É importante, no entanto, saber separar a melhoria da qualidade do leite como um aspecto que ajuda a posicionar melhor o país para atuar no mercado exterior, da obrigatoriedade de se implantar as novas normas para que se possa exportar. São duas coisas absolutamente distintas e que têm sido constantemente misturadas em discursos muitas vezes inflamados e que podem carregar o objetivo lícito de acelerar o processo de aprovação das normas. É evidente que, com novas normas e com uma orientação cada vez maior a um mercado mais exigente, com hábitos de consumo distintos e com outra complexidade de mercado, o setor é estimulado a evoluir e a ganhar eficiência, qualidade e maturidade. Foi o que aconteceu com a indústria avícola, por exemplo. Sendo assim, a implantação das novas normas pode auxiliar a criar uma atmosfera mais propícia ao desenvolvimento e à qualificação do setor como um todo, ainda mais se houver o estímulo para a exportação, seja pela competividade do setor em comparação a outros países, seja pelo potencial de produção, seja pela necessidade do governo em obter dólares.

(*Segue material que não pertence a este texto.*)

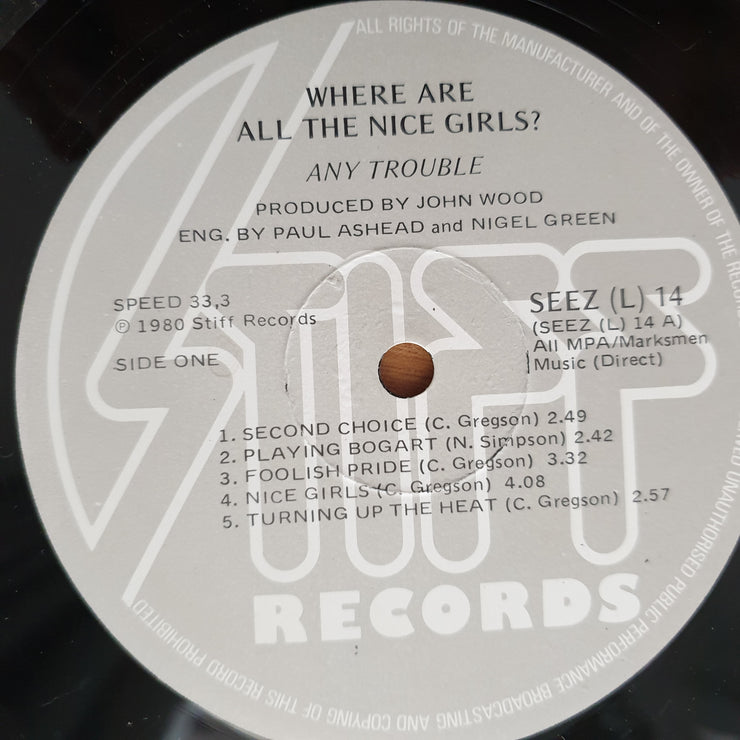 Any Trouble – Where Are All The Nice Girls? - Vinyl LP Record - Very-Good+ Quality (VG+) (verygoodplus)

No entanto, não se pode achar que com a implantação das novas normas, independentemente das mudanças que virão a sofrer no dia 30 deste mês, teremos acesso aos mais diversos mercados, isto é, iremos, finalmente EXPORTAR com letras maíusculas... Primeiro, as normas não são exigência de nenhum país importador ou órgão regulador. É diferente, por exemplo, das exigências de rastreabilidade da carne bovina por parte da Comunidade Européia, segundo as quais a partir de junho não importará mais carne de animais que não possam ser rastreados até sua origem. Segundo, as novas normas de lácteos estão ainda muito defasadas das vigentes em países como os EUA, Canadá, Nova Zelândia e a própria Comunidade Européia. Terceiro, há bem mais do que normas de qualidade envolvidas nas relações comerciais internacionais envolvendo lácteos, um dos setores mais protegidos do agronegócio, com alta carga de subsídios. Quarto, é possível exportar matéria prima de alta qualidade mesmo estando em um país com qualidade média inferior. A Índia, por exemplo, exporta lácteos para os EUA, e a qualidade média da matéria-prima nesse país está longe de atingir os padrões americanos. O Brasil já vem exportando, ainda que timidamente. Determinada indústria pode perfeitamente estabelecer um padrão de qualidade "tipo exportação", como vem ocorrendo com o café, cuja qualidade média deixa a desejar, embora lotes de elevada qualidade sejam exportados para fornecedores exigentes como a Starbucks ou a Illy.

Portanto, não há, necessariamente, relação direta entre as novas normas e a exportação, ainda que para determinados mercados possamos desfrutar de vantagens por conta das normas. De qualquer forma, é inegável o efeito indireto de estimular o setor a evoluir e, com isso, criar massa crítica e capacitação necessárias para atuarmos de forma não marginal no concorrido mercado externo de lácteos.
 

MARCELO PEREIRA DE CARVALHO

Engenheiro Agrônomo (ESALQ/USP), Mestre em Ciência Animal (ESALQ/USP), MBA Executivo Internacional (FIA/USP), diretor executivo da AgriPoint e coordenador do MilkPoint.